No. 3 for the week was CTV Evening News (M-F) with 1,309,000 total viewers.

No. 4 was the Sunday episode of Global’s Big Brother at 1,284,000. The CTV Evening News Weekend Edition took 5th spot with 1,170,000 and that was followed by another edition of Big Brother, with 1,157,000 watching Wednesday. Global scored with that same show again in 7th spot with another 1,138,000 tuning in Thursday.

A special introductory edition of the new season of The Masked Singer drew 1,054,000 to CTV Sunday for 8th spot. That was followed by two episodes of America’s Got Talent on Citytv, 1,005,000 ranking it ninth on Tuesday and 978,000 ranking it 10th on Wednesday.

Numeris breaks out the Sportsnet Ontario tally for the Wednesday Raptor’s NBA playoff game as the 12th most-watched show in English Canada that week; they show it drawing 912,000 viewers on Sportsnet Ont. alone. In other words, most Canadians watching the Toronto team on Sportsnet that night live in Ontario. Got it.

Basketball outdrew the return of NFL football that same week in Canada. The combined audience on three Bell platforms — CTV, CTV2 and TSN — came to 907,000 fans for the Early (1 p.m. ET) game and 813,000 for the late (4 p.m.) Sunday afternoon broadcasts, good enough for 13th and 14th spots on the week’s Top-30 list.

Not on the list at all: a single NHL Stanley Cup playoff game. The NHL on Sportsnet, however, is at a ranking disadvantage, in my opinion, in that the TV audience for all the games played in the same round that week are averaged. Games of lesser regional interest tend to drag the overall averages down.

With no Canadian teams left in the tourney, however, it is unlikely that summer (now fall) NHL playoff hockey will crack the Canadian Top-30 through to the end of the Stanley Cup final. Take a Round 3 game shown Sunday, Sept. 13 on Sportsnet National between the Tampa Bay Lightning and the New York islanders. Total audience: 300,000.
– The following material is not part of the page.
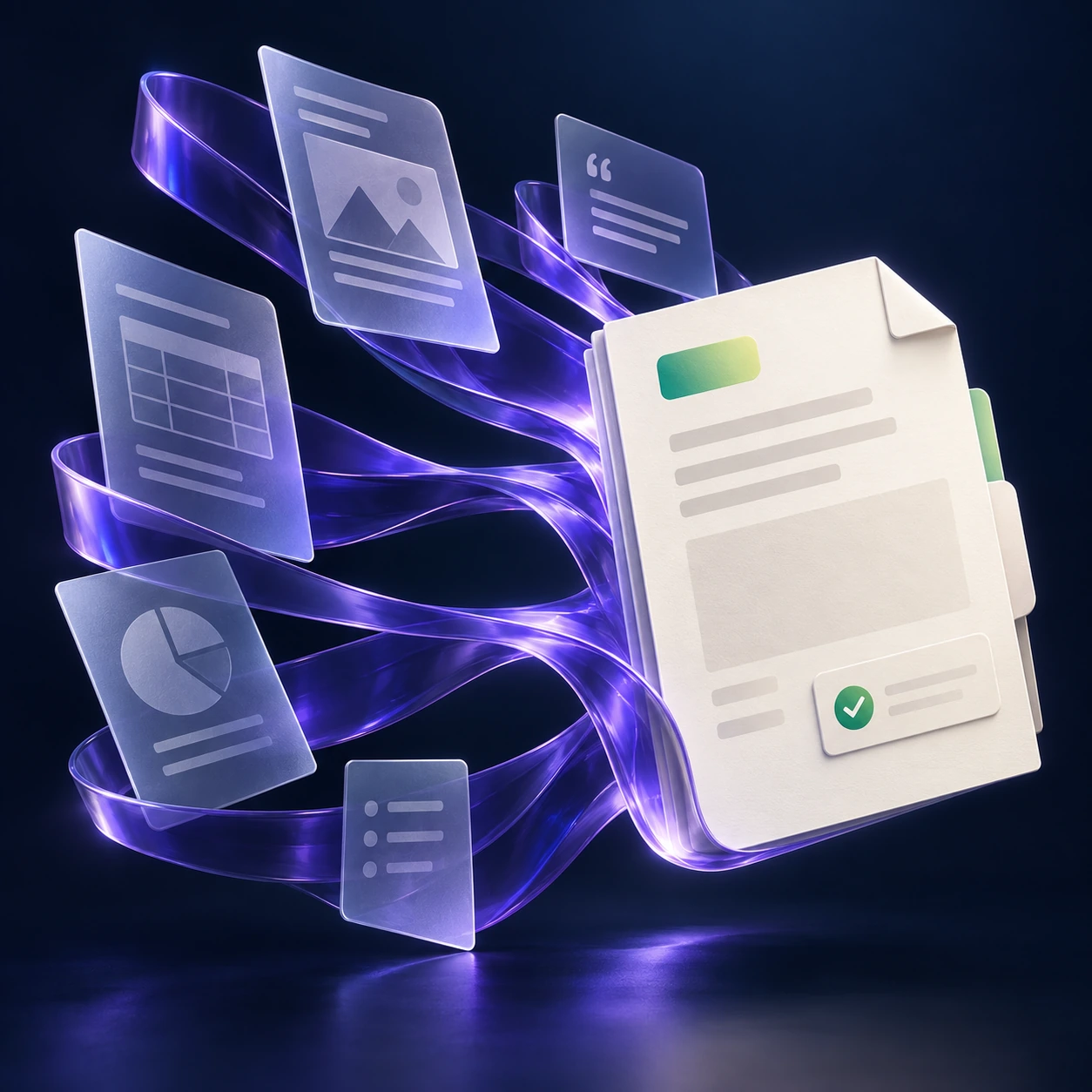 Translucent source cards converge along violet glass ribbons into a document with a human review mark.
For a lot of Canadians, it seems, the Stanley Cup race is already over for another year.

2 Comments

  1. Why does such utter garbage like Big Brother and the Masked Singer get such huge numbers?

    • Bill Brioux Reply

      One thing I’ve learned to accept, Gary: there are a lot of people who never seem to tire of watching their fellow human beings get humiliated on television.